Start to finish, return the listing below exactly, pictures excluded.

COLLECTED DATA ▸
......

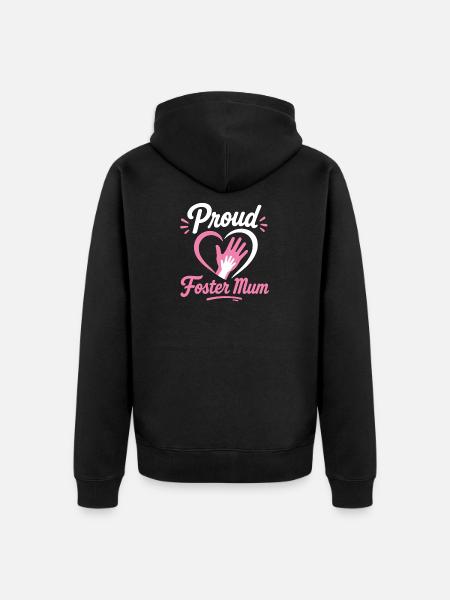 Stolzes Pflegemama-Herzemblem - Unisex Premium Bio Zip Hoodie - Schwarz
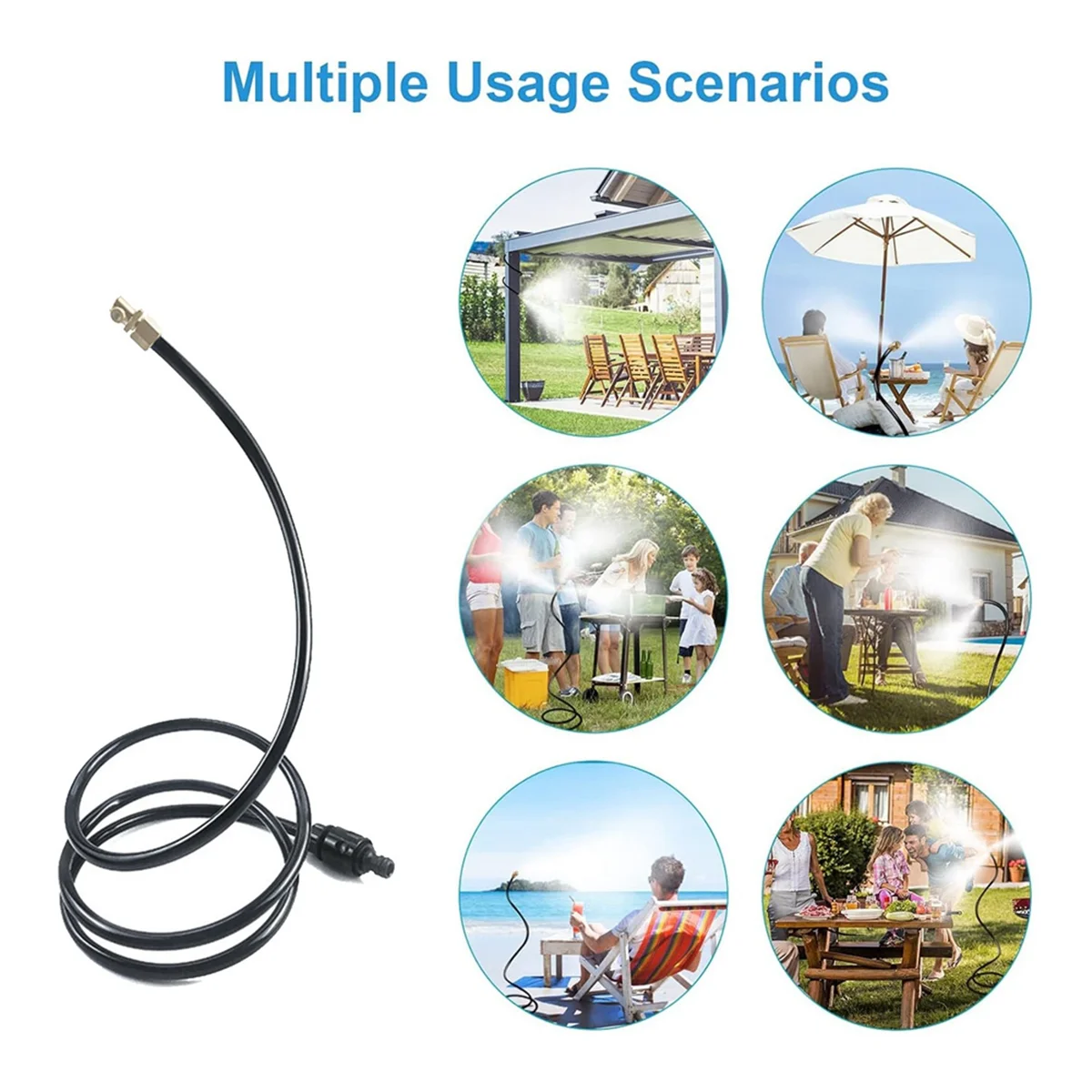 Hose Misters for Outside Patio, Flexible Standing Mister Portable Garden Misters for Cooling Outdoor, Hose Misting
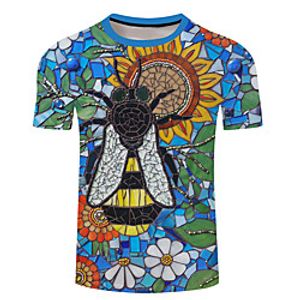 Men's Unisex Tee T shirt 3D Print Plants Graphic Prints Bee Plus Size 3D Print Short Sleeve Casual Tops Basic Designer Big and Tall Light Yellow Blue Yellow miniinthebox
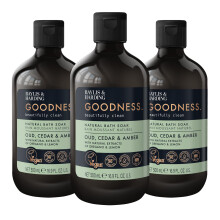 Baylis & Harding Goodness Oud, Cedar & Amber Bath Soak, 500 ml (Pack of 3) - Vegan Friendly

......

EXPECTED ANSWER ▸
 Stolzes Pflegemama-Herzemblem - Unisex Premium Bio Zip Hoodie - Schwarz
 Hose Misters for Outside Patio, Flexible Standing Mister Portable Garden Misters for Cooling Outdoor, Hose Misting
 Men's Unisex Tee T shirt 3D Print Plants Graphic Prints Bee Plus Size 3D Print Short Sleeve Casual Tops Basic Designer Big and Tall Light Yellow Blue Yellow miniinthebox
 Baylis & Harding Goodness Oud, Cedar & Amber Bath Soak, 500 ml (Pack of 3) - Vegan Friendly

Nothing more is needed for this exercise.